= Task inputs =
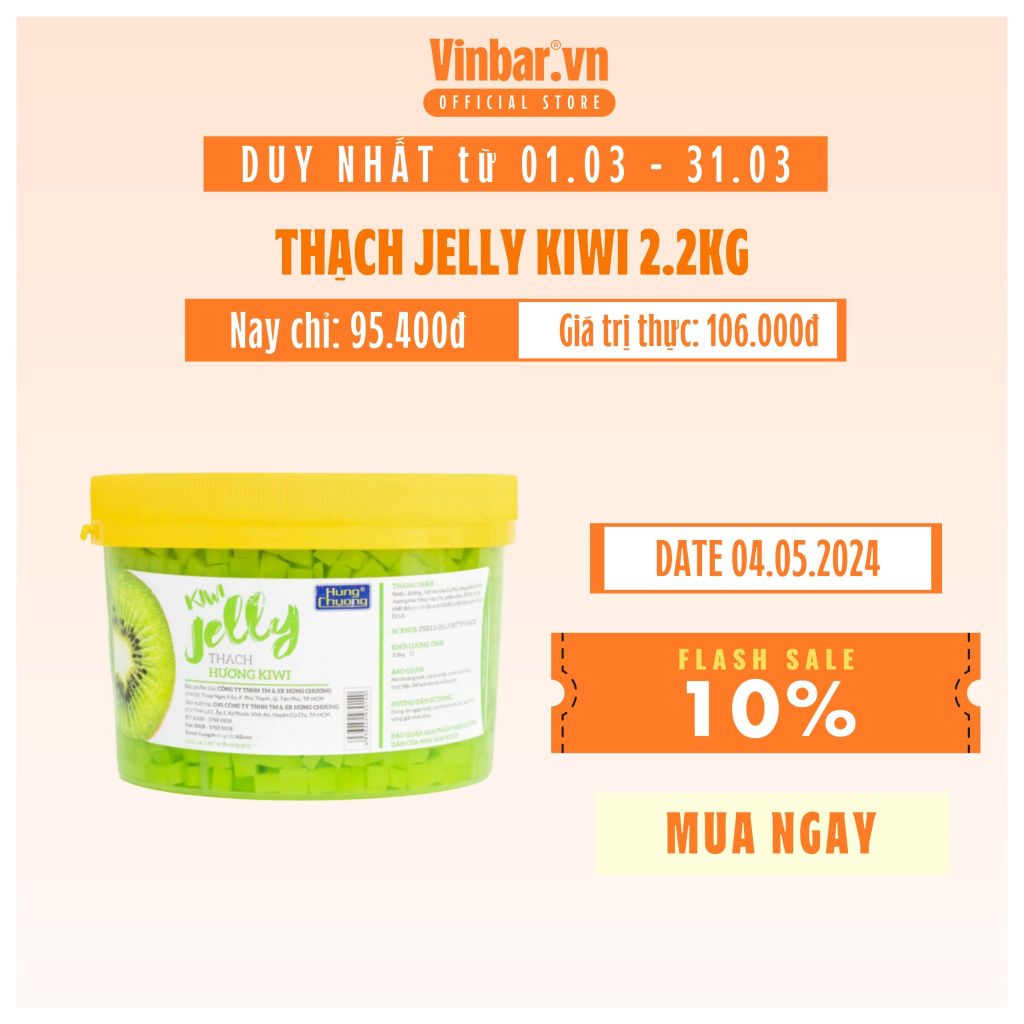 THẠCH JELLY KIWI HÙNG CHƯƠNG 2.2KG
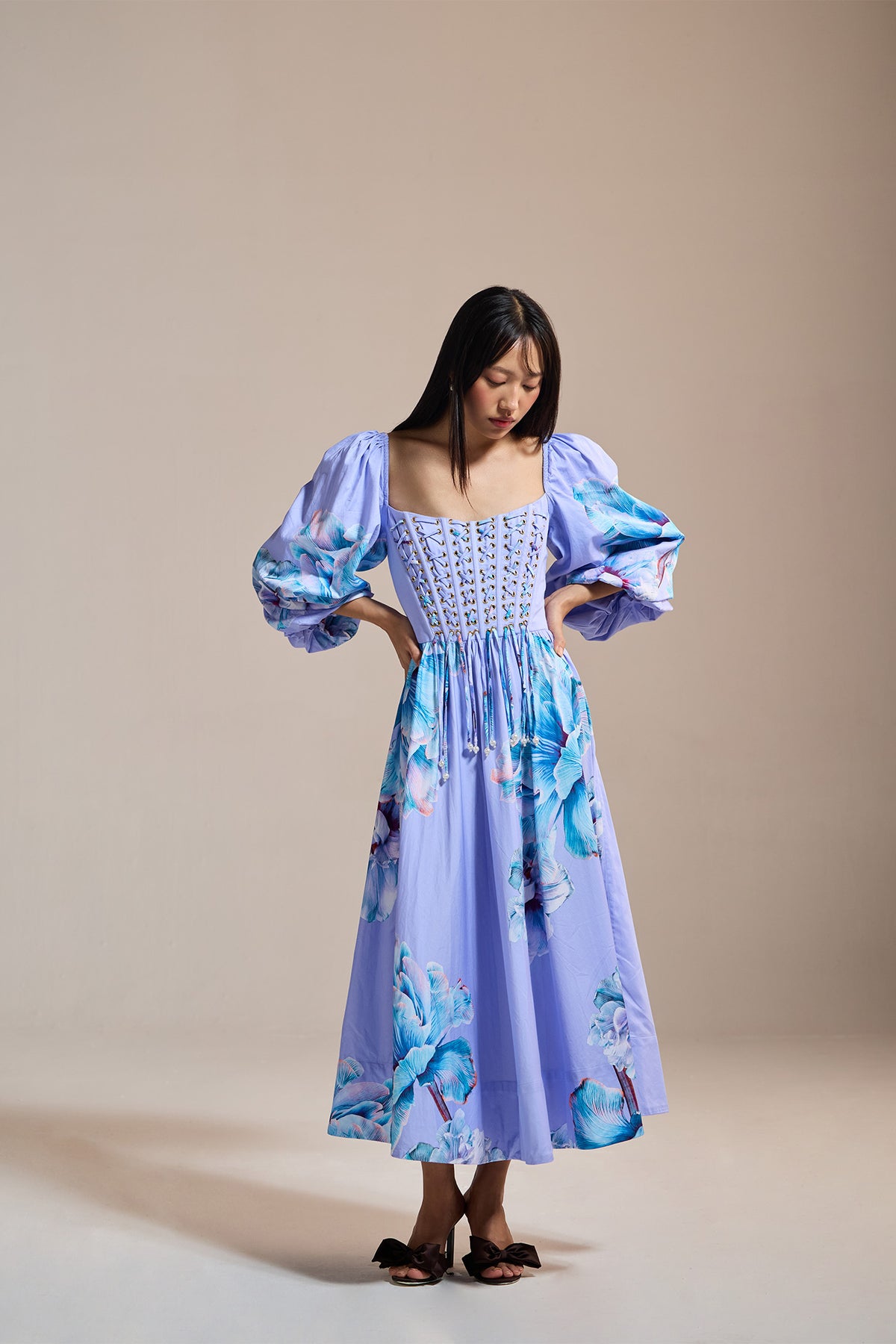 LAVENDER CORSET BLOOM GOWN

* * *

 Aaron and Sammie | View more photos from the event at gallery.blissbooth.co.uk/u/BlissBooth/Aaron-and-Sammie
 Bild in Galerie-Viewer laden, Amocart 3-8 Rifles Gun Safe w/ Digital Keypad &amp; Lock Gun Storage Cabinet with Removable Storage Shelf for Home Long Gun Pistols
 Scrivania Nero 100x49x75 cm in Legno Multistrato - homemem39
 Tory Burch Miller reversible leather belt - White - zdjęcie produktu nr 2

= Work instructions =
Given the listing above, retype only the span of lines from the line with "THẠCH JELLY KIWI HÙNG CHƯƠNG 2.2KG" up to and including the line with "LAVENDER CORSET BLOOM GOWN", exactly as it stands and without pictures.

= Output of the task =
 THẠCH JELLY KIWI HÙNG CHƯƠNG 2.2KG
 LAVENDER CORSET BLOOM GOWN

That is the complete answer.